Fats are liquid when they heat up but solid at room temperature. As they heat up they liquify and begin to coalesce. This can create a greasy mouthfeel, particularly in unhomogenised milk. When the globules are in a liquid phase, they tend to spread out across the films of each bubble. Dairy technologist Pieter Walstra explains,
‘The spreading of liquid fat can also destabilize foam bubbles by causing liquid in the film to flow away from the spreading liquid fat, leading to thinning, and ultimately rupture of the film’ (Walstra 1996).
At higher temperatures this phenomenon is less of a problem.
‘Above 40°C, the milk fat globules contain fully liquid fat and are far less susceptible to disruption or deformation by the foam lamella’ (Mulder and Walstra 1974).
If, as you steam milk, you add a lot of air to the cold milk at the outset, then once the milk temperature climbs to room temperature and you arrest the flow of steam, you will notice that the foam collapses almost entirely. At room temperature, milk is at its least foamable. Borcherding et al (2008) suggest this is due to the existence of solid fats in the milk, which, after they exceed 37°C in temperature, become entirely liquid. The solid particles cause the bubbles to burst.

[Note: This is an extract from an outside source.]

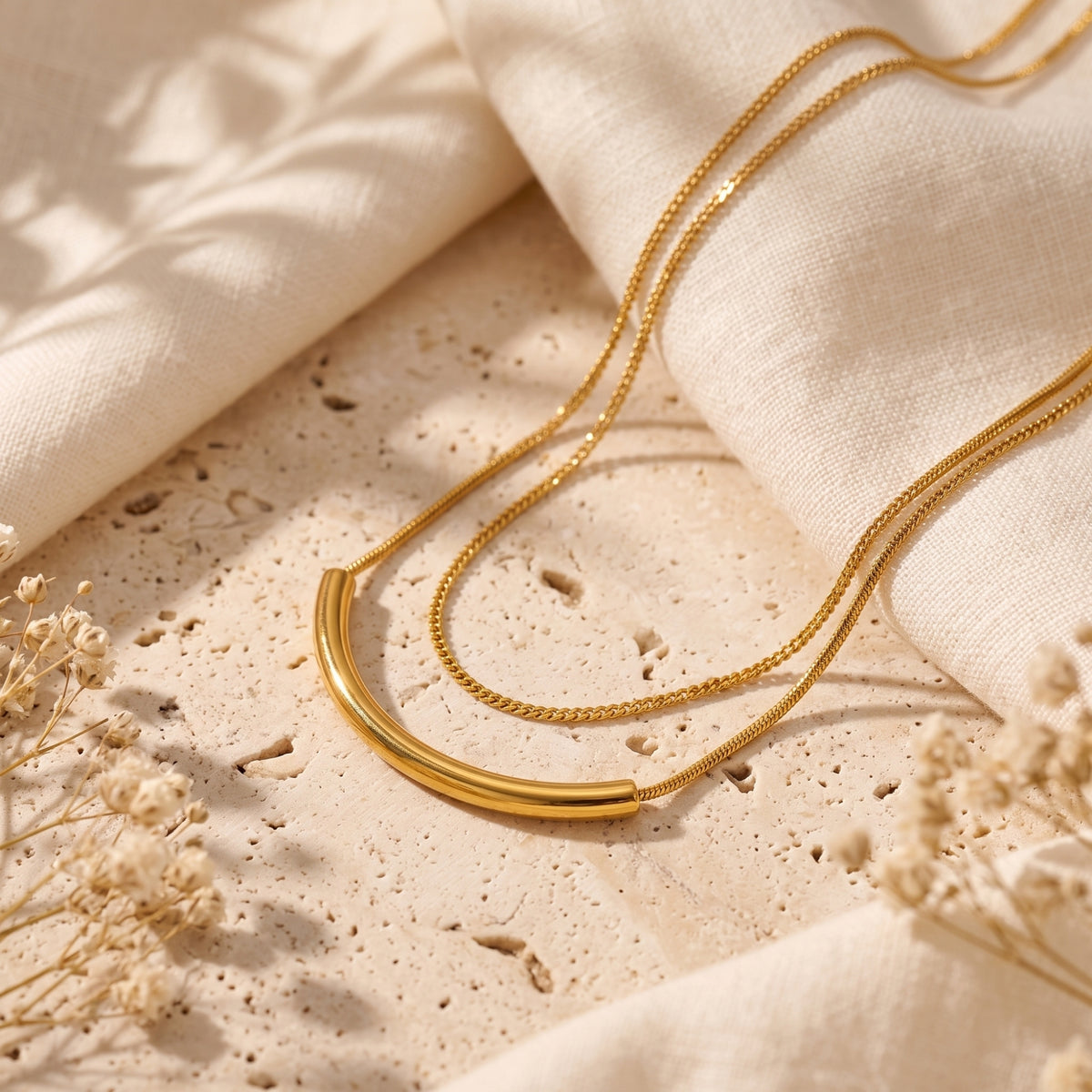 Le collier superposé en arc The Layered Arc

‘At 20°C, fat globules consisted of about 20% of crystallised and about 80% liquid fat which was obviously detrimental to the foam formation. Above 37°C, milk fat existed solely in a liquid state and the fat globules were more resistant against mechanical treatment’ (Borcherding et al 2008).
As whole milk foams cool down, the milk fat globules reform and the problem comes back. Foams begin to break up again as temperatures drop below room temperature. This suggests over 37°C is the high temperature required for stability to fulfill Foam Factor 3 (stability of your foam at a high temperature).